她是有点担心萧翰之。如果他跟家里摊牌了——她能想象那会激起怎样的狂风巨浪,也许他挂彩就是因为这事在出任务时走了神,要不凭他的身手也不太容易负伤。
摸出手机犹豫了半天给萧翰之打了过去,电话响了十几声才被接起。
“我到北京了,都安顿好了。”郁洁说道,一边直抓自己头发,脑袋进水的,他乐意装苦情是他的事你心软个P。
“嗯,小心点儿,记得吃饭。”萧翰之说道,声音平淡得听不出情绪。
“哦,你注意胳膊,要是没大任务就别跟着出现场了。”郁洁说道。
“嗯,知道。挂了。”萧翰之道,又是没给她反应的时间就挂了电话。
郁洁看着电话咬咬嘴唇,萧翰之,你能啊?敢先挂我电话?
再打过去。
接通。
“怎么了?”萧翰之问道,终于声音里有点急切了。
“萧翰之你再敢挂我电话试试!”郁洁说道。
那头沉默。
“没话说了?”郁洁问。
“那你先挂吧。”萧翰之说道。
连再见都懒得跟他说了,摁下红键。
萧翰之一定是撞鬼冲邪了,神经不正常到这种地步。
而那边,挂了电话,某位警察同志拽拽夹板:“这破玩意还得带几天?弄得我跟个残废似的。

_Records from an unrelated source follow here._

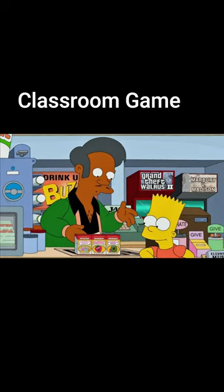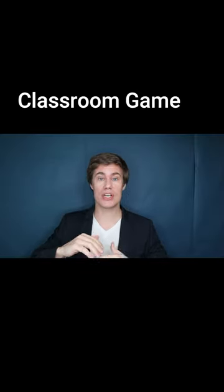Put the students into pairs. One person is the shopkeeper and the other is the potential buyer. Give the students a list of words that they have to try and explain.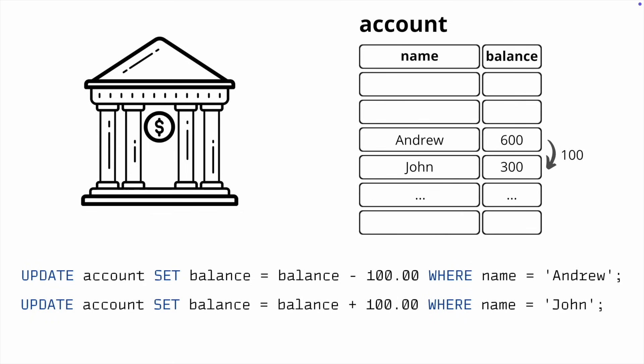A short failure isn't critical if Andrew's first attempt to transfer John's money fails, and both simply keep their original balances. However, if one operation is completed, for example, Andrew's money is deducted but John's account doesn't receive it, this leads to serious issues.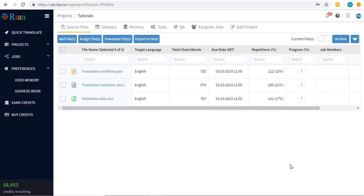Every document is scanned for repetitive segments or phrases and their percentage is displayed in the file details.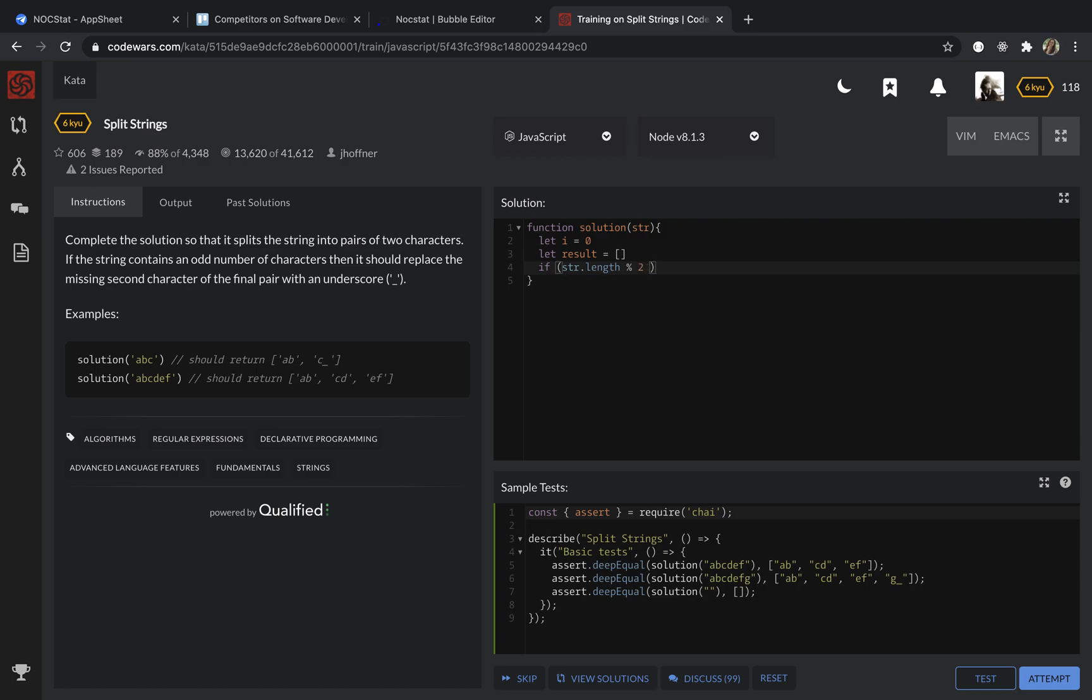if this number is not equal to zero, meaning it's an odd number of characters, now we are going to add an underscore to the end of this string.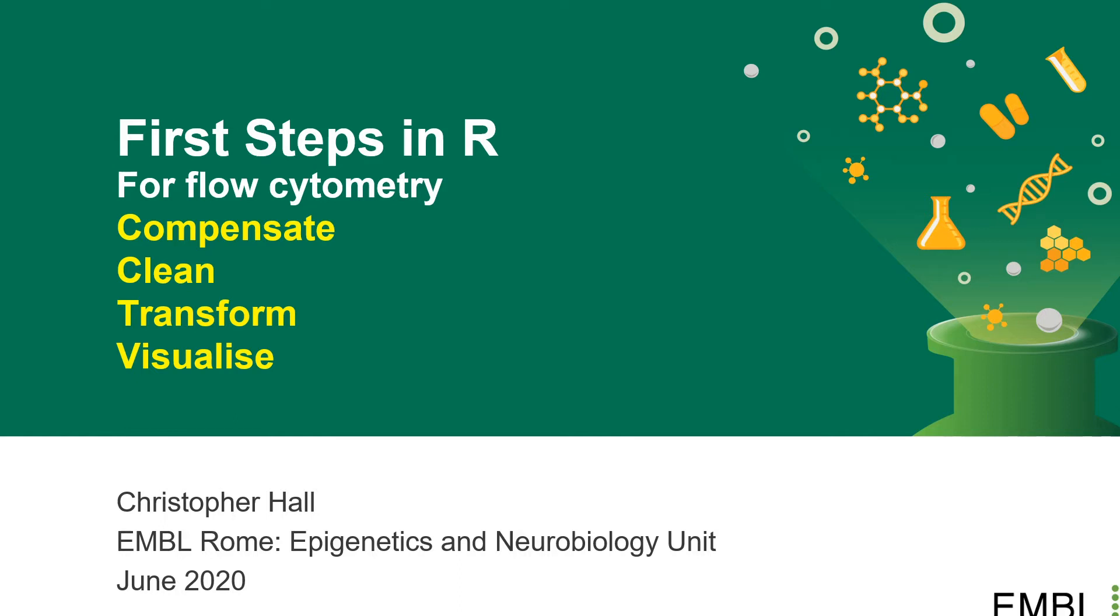Hello and welcome to the second video in my series of very short tutorials about how to analyze your flow cytometry data in R. The second video will cover compensation, cleaning, transformation and a little bit of data visualization.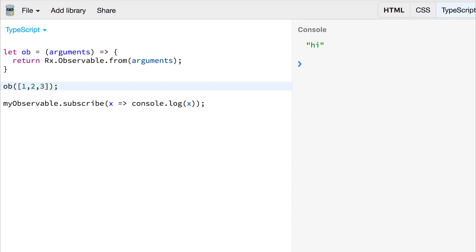And then we're going to subscribe to that observable, and log the result out to the console. And we get one, two, and three.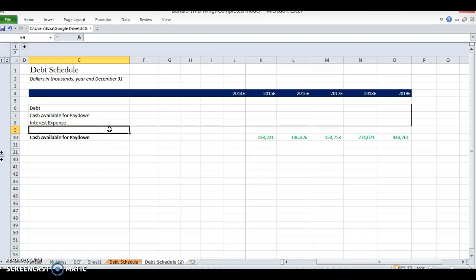We're doing the evaluation of Buffalo Wild Wings, and I know that they don't have any debt, but I still want to leave you with an example of what you might do if a company did have debt. You would build up a debt schedule that lets you be flexible with the amount of debt they take out. In reality, most companies do have debt and they need to increase or decrease their debt based on their cash needs.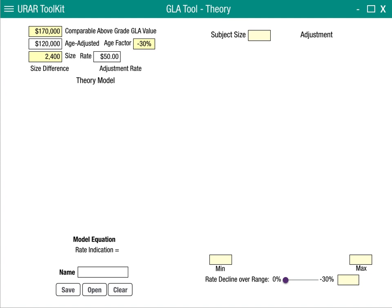The rate will be calculated for us. The next variable we'll be asked to enter is the subject size.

”
“诶,队长,为了快点把嫂子娶进门你就忍忍吧,好不容易这招奏效了。”狗头军师某说:“你看,平时嫂子哪儿主动跟你报告过上哪儿去了?”
“还不如不告诉,去北京了,那得被多少色狼盯上?为平,最近有没有要到北京办的案子,实在不行,有没有要去北京开的会?”某警察继续拽他那夹板。
某军师无语中。
某警察回头打了内线问最近的安排,可也实在没有会到北京开的。